### To do
Quote word for word the lines below, beginning with the first and ending with the one that has "Rad Dad - Rad". Drop the pictures.
-------- Information given
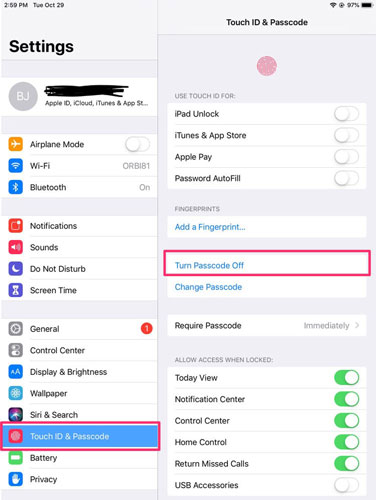turn passcode off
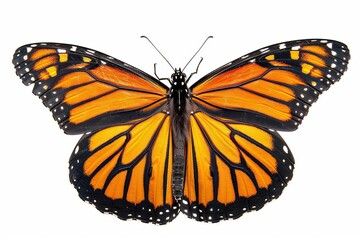Fototapeta premium A vibrant monarch butterfly with orange and black wings, showing detailed vein patterns Isolated on a solid white background
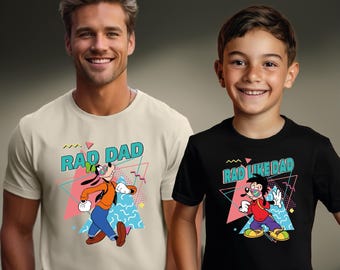Rad Dad - Rad Like Shirt, Cartoon Movie Tee, Daddy and Kid Matching TShirt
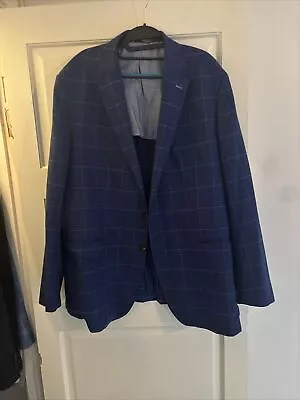 Buy MOSS London Blue Check Jacket Mens 48 Blazer Two Button Soft Feel Smart Wedding • 8£
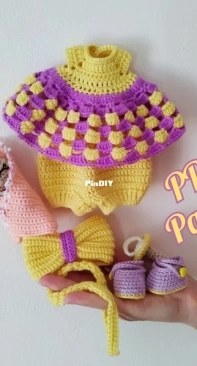 Crochet Pattern World - Annea Leolea / Anealeolea - Dress for baby doll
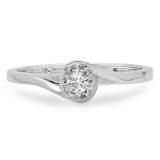 0.12 Carat (ctw) 14K White Gold Round Cut Diamond Ladies Twisted Style Solitaire Bridal Promise Ring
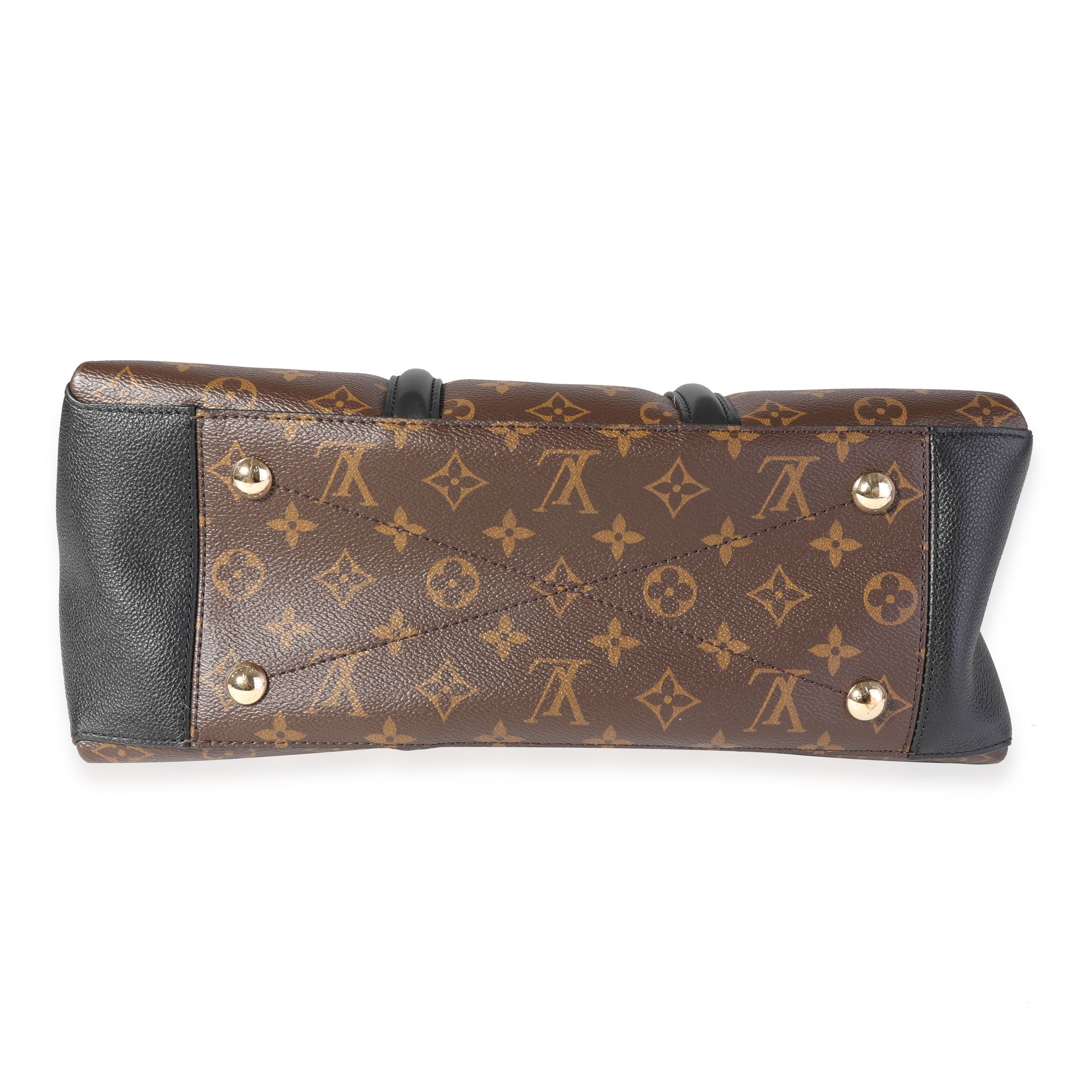 Louis Vuitton Louis Vuitton Black Leather & Monogram Canvas Soufflot MM
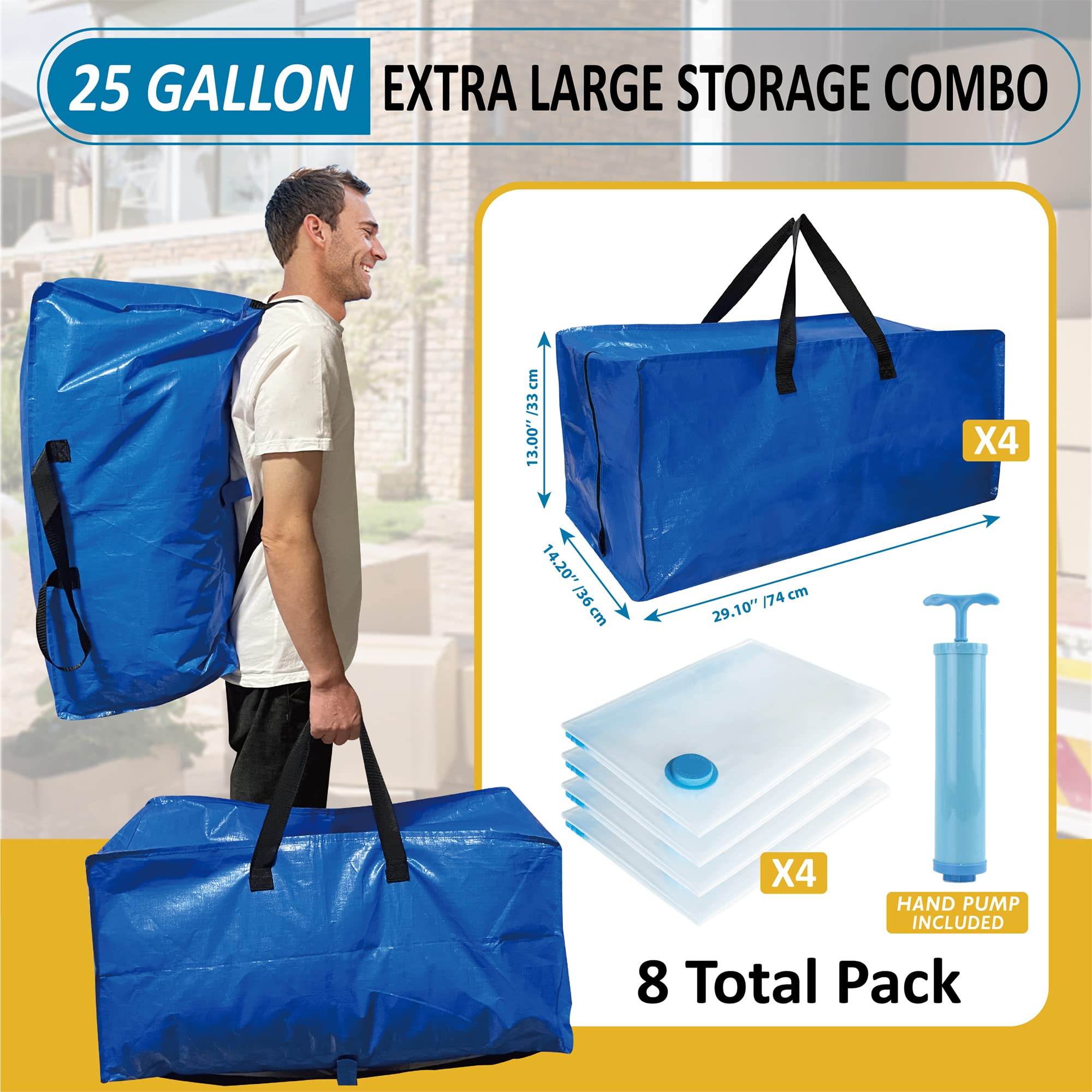 8 Pack Heavy Duty Extra Large Moving Bags With Backpack Straps & Large Vacuum Storage Bags Moving Supply Combo, Moving Totes Wit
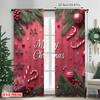 Flat Printing Christmas Curtain Candy Cane Versatile Polyester Fabric Without Electricity Festive Holiday Curtains Set Of 2 Made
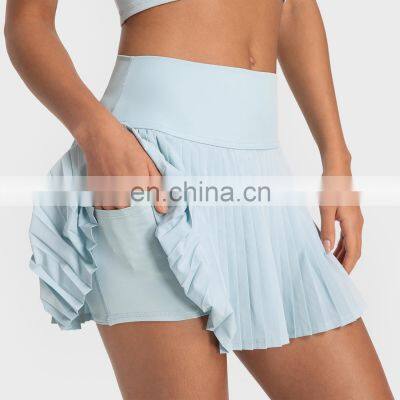 Pleated Tennis Pickleball Skirts With Nylon Pocket Shorts Custom Quick Dry Sportswear For Girls photo-2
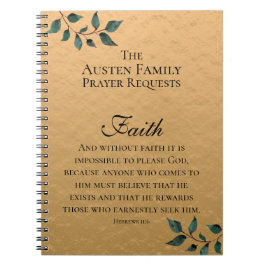Cuaderno Oración de familia solicitud Escritura de Fe Oro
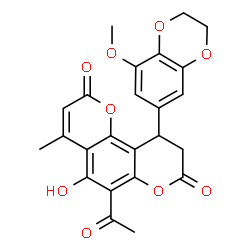 ChemSpider 2D Image | 6-Acetyl-5-hydroxy-10-(8-methoxy-2,3-dihydro-1,4-benzodioxin-6-yl)-4-methyl-9,10-dihydro-2H,8H-pyrano[2,3-f]chromene-2,8-dione | C24H20O9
----------------
### Expected output
turn passcode off
Fototapeta premium A vibrant monarch butterfly with orange and black wings, showing detailed vein patterns Isolated on a solid white background
Rad Dad - Rad Like Shirt, Cartoon Movie Tee, Daddy and Kid Matching TShirt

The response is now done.